1. The comparative metabolism of the 14C-labelled 7-chloro- and 7-tri-fluoromethyl-analogues of a piperazine-substituted dihydrobenzoxazepine (4-[3-(7-(chloro or trifluoromethyl)-5,11-dihydrobenz[b,e][1,4]-oxazepin-5-yl]-1-piperazine[14C2]ethanol, dihydrochloride), SQ 11,290 and SQ 11,005 respectively, has been studied in dogs. 2. After administration, both compounds were similarly excreted in urine and faeces or bile, and the radioactivity was similarly distributed in a variety of tissues. The highest concentrations of radioactivity were found in the lungs, liver, and the ocular layers consisting of the combined retina, choroid, and sclera. Similar blood levels were found for both compounds in dogs that had received equivalent doses of drug.

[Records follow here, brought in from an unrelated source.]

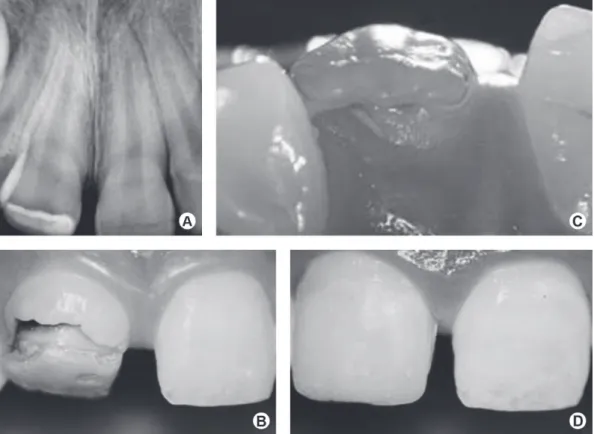 Figure 3. Case 3. A: Periapical radiograph of the permanent maxillary right central incisor showing crown dilaceration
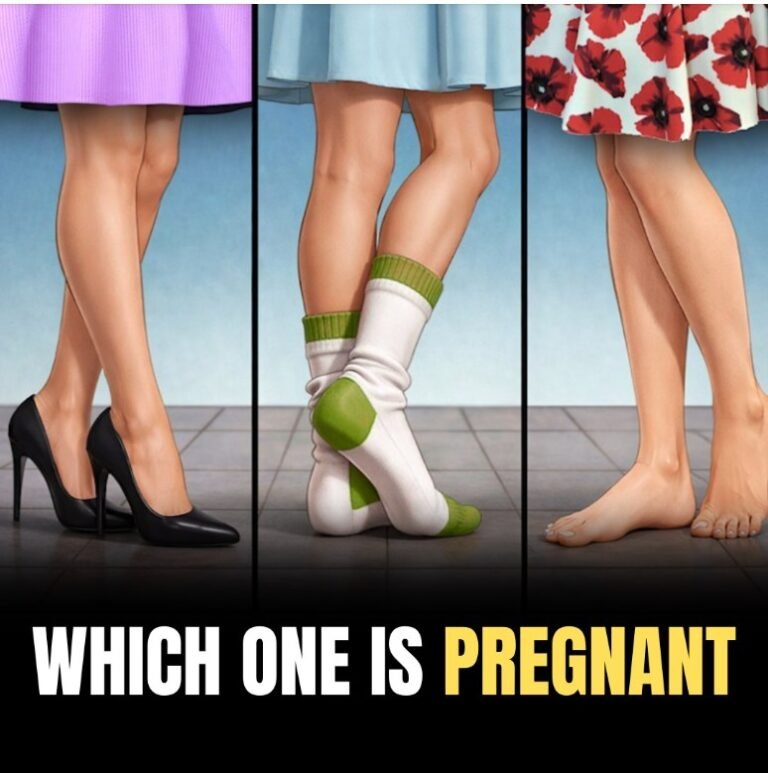 Which one is pregnant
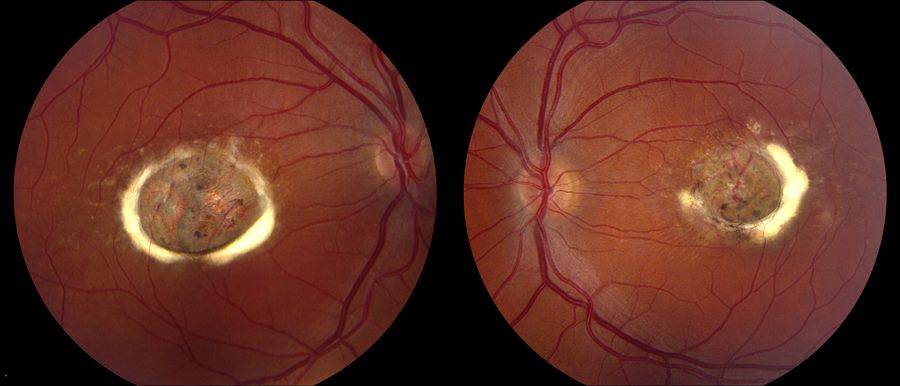 Заболевания сетчатки глаза: лечение патологий и дефектов народными средствами, симптомы поражений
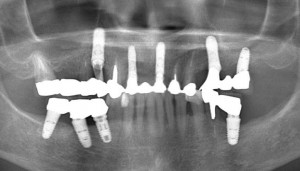 インプラント　症例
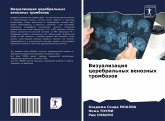 Vizualizaciq cerebral'nyh wenoznyh trombozow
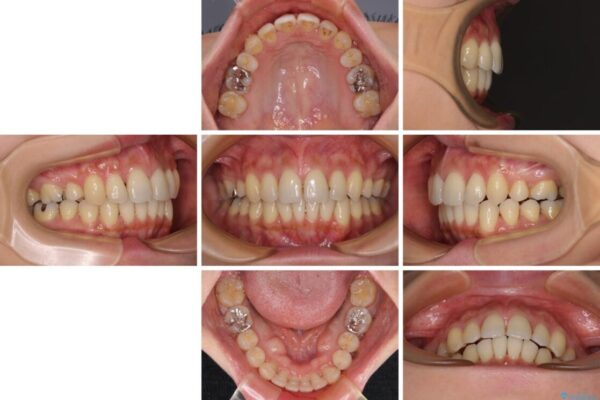 上顎前歯の突出を軽減　インビザラインによる抜歯矯正 治療途中画像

An average of 5 or 8% of the dose was present as unchanged SQ 11,005 or SQ 11,290, respectively, in faeces, the predominant excretory route. 3. Two metabolites of each compound were isolated from bile. The major metabolite, a monooxygenated derivative of the tricyclic ring system, was present as the unconjugated compound in the faeces and as the glucuronide conjugate in the bile. The glucuronide conjugates of both parent compounds, were also excreted in the bile. 4. It is concluded that the chloro or trifluoromethyl substitution in the 7-position of the dibenzoxazepine ring system does not alter the biological disposition of these molecules in the dog.